What the exercise asks
Skip all pictures; return exactly the lines from the one containing "Porta Dianteira Esquerda" through the end of the data.

Caption-style text data
=== Section Start ===
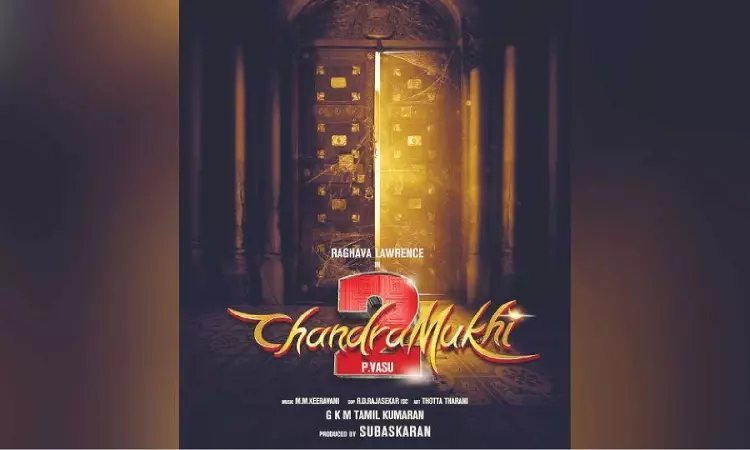 Chandramukhi 2s first single Swagathaanjali to release soon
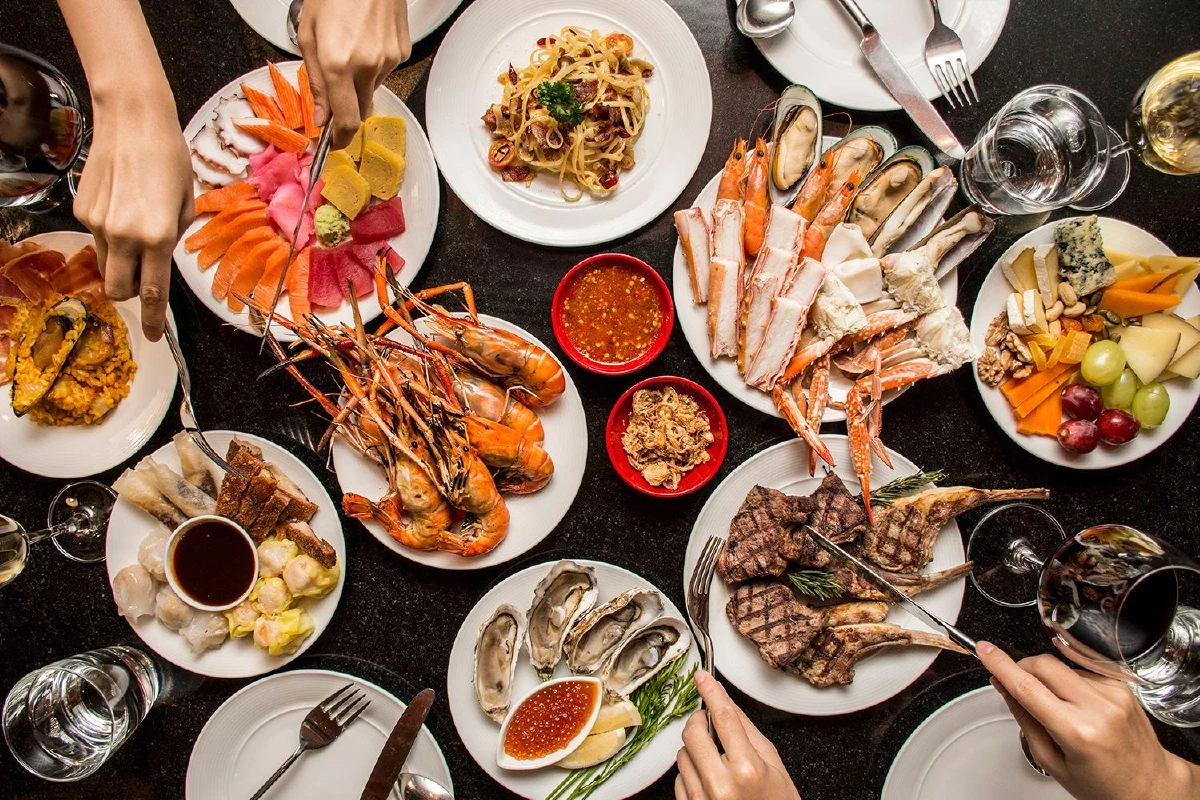 อีสเตอร์ ซันเดย์ บรั้นช์ ที่ร้านอาหารอเทลิเย่ โรงแรมพูลแมน กรุงเทพฯ แกรนด์ สุขุมวิท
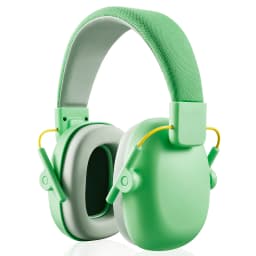 YHKEMA Noise Cancelling Headphones for Kids, SNR 27dB Safety Noise Reduction Ear Muffs for Autism Sensory &Concentration Aid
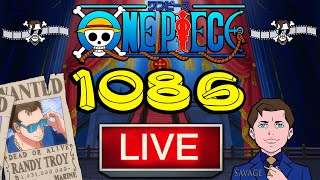 One Piece 1086 LIVE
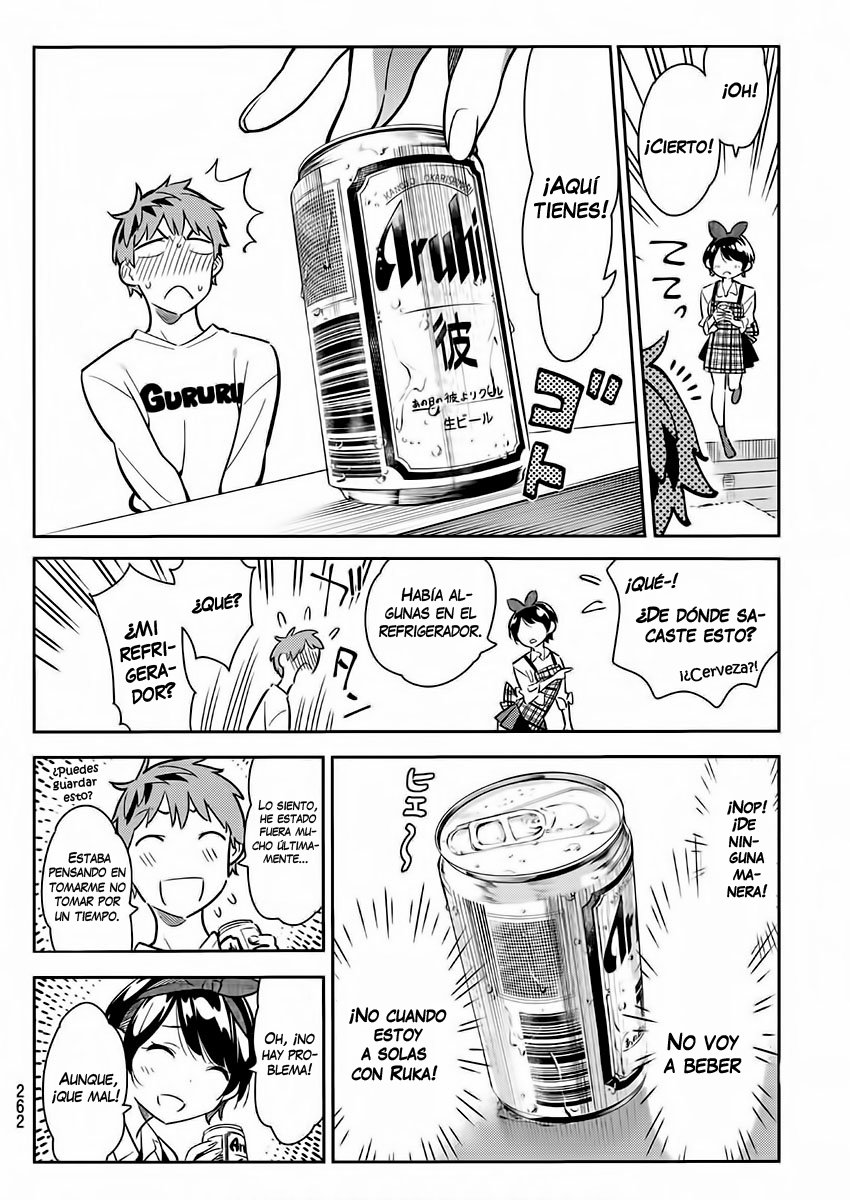 Read Kanojo, Okarishimasu ES Manga Online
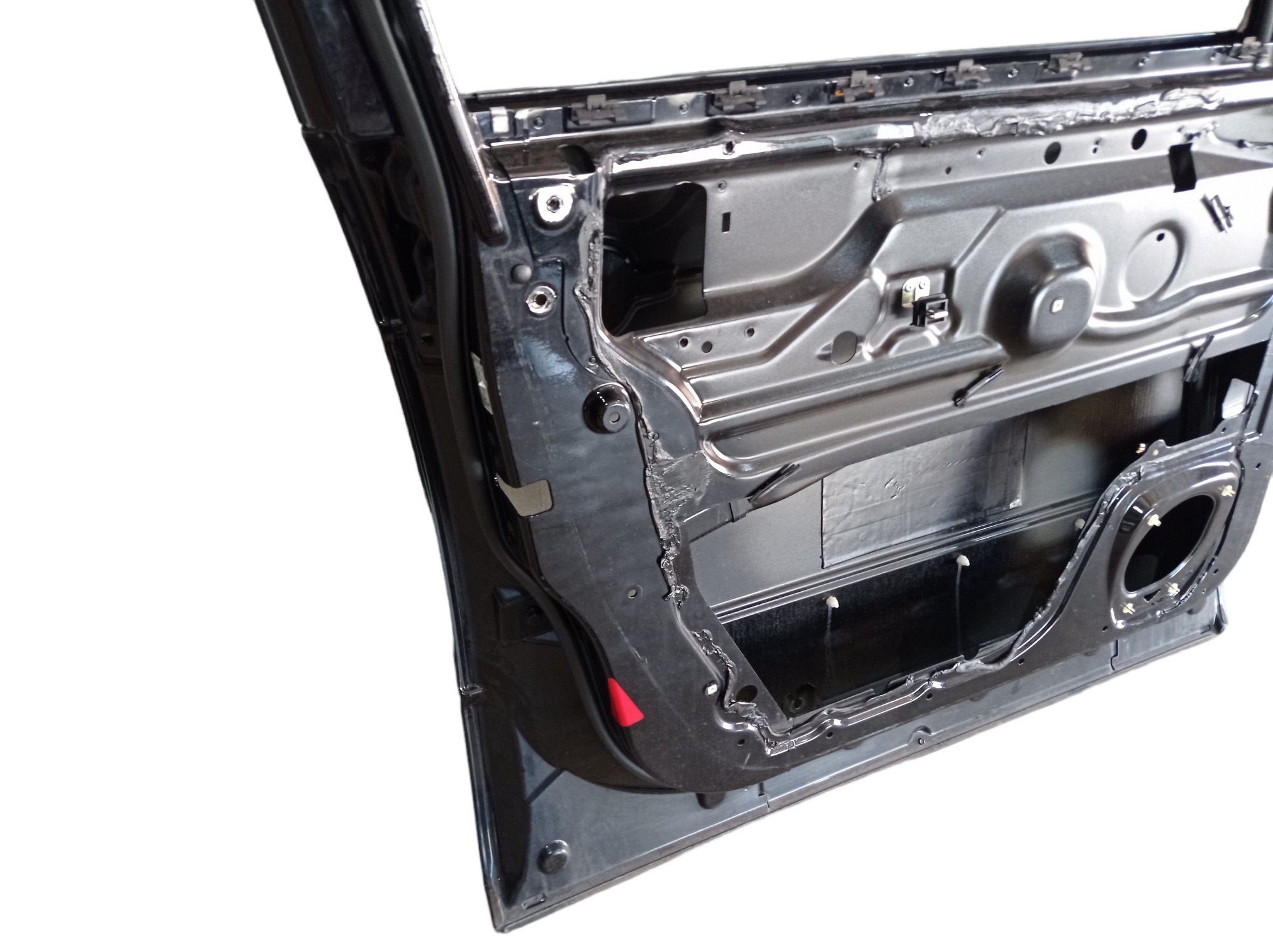 Porta Dianteira Esquerda Range Rover Vogue 3.6 2008 V583 Dianteira Esquerda Preto 4
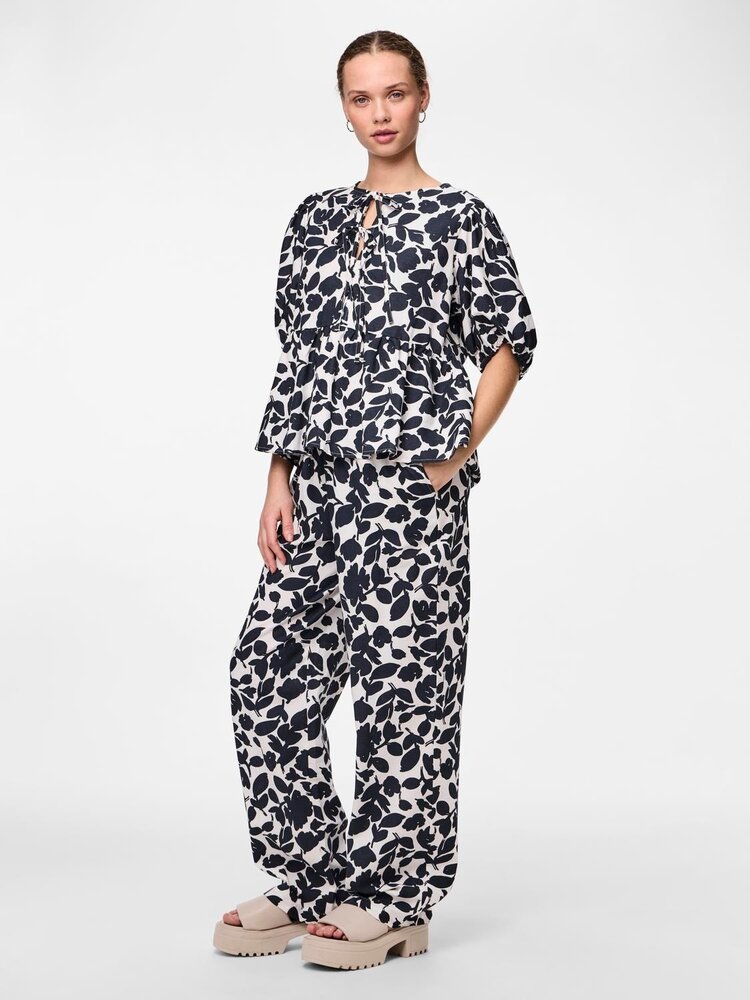 Pieces Pieces | Broek Klarisa zwart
=== Section End ===
Response to this exercise
 Porta Dianteira Esquerda Range Rover Vogue 3.6 2008 V583 Dianteira Esquerda Preto 4
 Pieces Pieces | Broek Klarisa zwart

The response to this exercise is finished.